Good morning, everyone. It's 10:00 A.M. Oslo time. Welcome to the annual general meeting of Agilyx ASA. My name is Geir Evenshaug. I'm a Partner with the law firm Schjødt and I've been asked by the board to open the meeting and make a record of represented shares and votes. We have approximately 43.7 million shares and votes represented at this meeting, which is equal to approximately 51% of the issued share capital. The exact numbers together with a summary of the votes cast in each matter will be appended to the minutes, which will be available later today. Item one on the agenda is election of the chairperson of the meeting and one person to co-sign the minutes.

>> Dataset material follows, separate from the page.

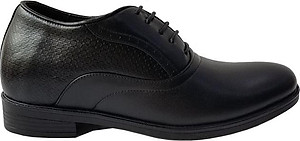 Giày Tây Nam Tăng Chiều Cao Da Bò BIGGBEN GT192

The board has proposed that I chair the meeting, and I propose that Isabelle Haak, the General Counsel, co-signs the minutes together with me. We have no votes against that, so that is approved, and I will then continue as the chair of the meeting. Item two is the approval of the notice and the agenda for the meeting. There was against that, so that is approved as well. We can move on to item three on the agenda which is the approval of the annual accounts and annual report for the financial year of 2002. Again, we have no votes against, so the annual report and financial statements are approved. Item four is no voting matter. It's the board's report on corporate governance in accordance with the Norwegian guidelines for corporate governance.
This is included in the annual report. As I said, it is not a vote, a voting item so unless anyone has any questions to the corporate governance report, I will continue. There are no questions it seems, we can then move on to item five on the agenda, which is approval of the board's report on salary and other remuneration for the executive team. This is a statutory requirement under Norwegian law to present such a report. On item five, we have six million votes against, which represents approximately 13% of all voting shares at this meeting. Which again means we have a majority of approximately 87%, and the report has been approved. Item six on the agenda is determination of remuneration to the board of directors.

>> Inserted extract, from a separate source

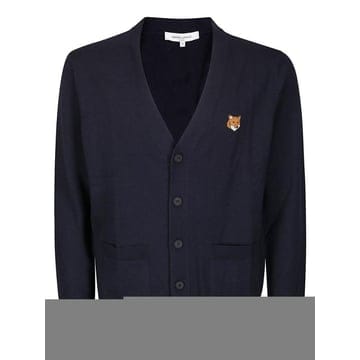 Maison Kitsune 26SS Maison Kitsune FOX HEAD MERINO REGULAR ����� PM00501KT11826SS Maison Kitsune FOX HEAD MERINO REGULAR ����� PM0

This proposal, which has been set out in the calling notice is then made by the company's nomination committee. On item six, we have no votes against, so the nomination committee's proposal for board remuneration has been approved. Item seven, on the agenda is determination of remuneration to the nomination committee. This is then proposed by the board as set out in the calling notice. On item seven, we have no votes against, so the board's proposal for remuneration to the nomination committee has been approved. Item eight, on the agenda is another remuneration item t his time it's the remuneration to the auditor. Also on item eight, we have no votes against, so the proposed resolution has been approved.
That brings me to item nine on the agenda, which is the board authorization to acquire own shares and this is basically just a renewal of an existing board authorization. On item nine, we have one point one million votes against, which is approximately 2.5%. We have a majority of approximately 97.5%, and the board authorization to acquire own shares has been approved. Item 10 is the board authorization to increase the share capital for general purposes. Again, this is a renewal of an existing board authorization. On item 10, we have four point two million votes against. That equals approximately 9.7% of all votes represented at this meeting, which means we have a majority of 92.3% approximately, and the board authorization in item 10 has been approved.
Item 11, is another board authorization to increase shares to increase the share capital. This time it is in connection with options and incentive programs. Again, it's a renewal of an existing board authorization. On item 11, we have four point two million votes against. Again, it's approximately 9.7%, which means we have a majority of approximately 92.3%. 91.3% to be exact o r 90.3%. Anyway, the proposed board authorization in item 11 has been approved. Item 12, which is the final item on the agenda is changes to the articles of association. These changes have been proposed due to some technical changes in Norwegian law, which comes into force in June.
On this item, we have 50 votes against, which basically means we have 99.9% majority. The changes to the articles of association have been approved. That basically concludes all of the matters on the agenda. As I mentioned, the minutes with the more detailed summary of the votes cast will be available later today as usual. Unless there are any questions from anyone participating on this call, I will thank everyone for their participation. Thank you and goodbye.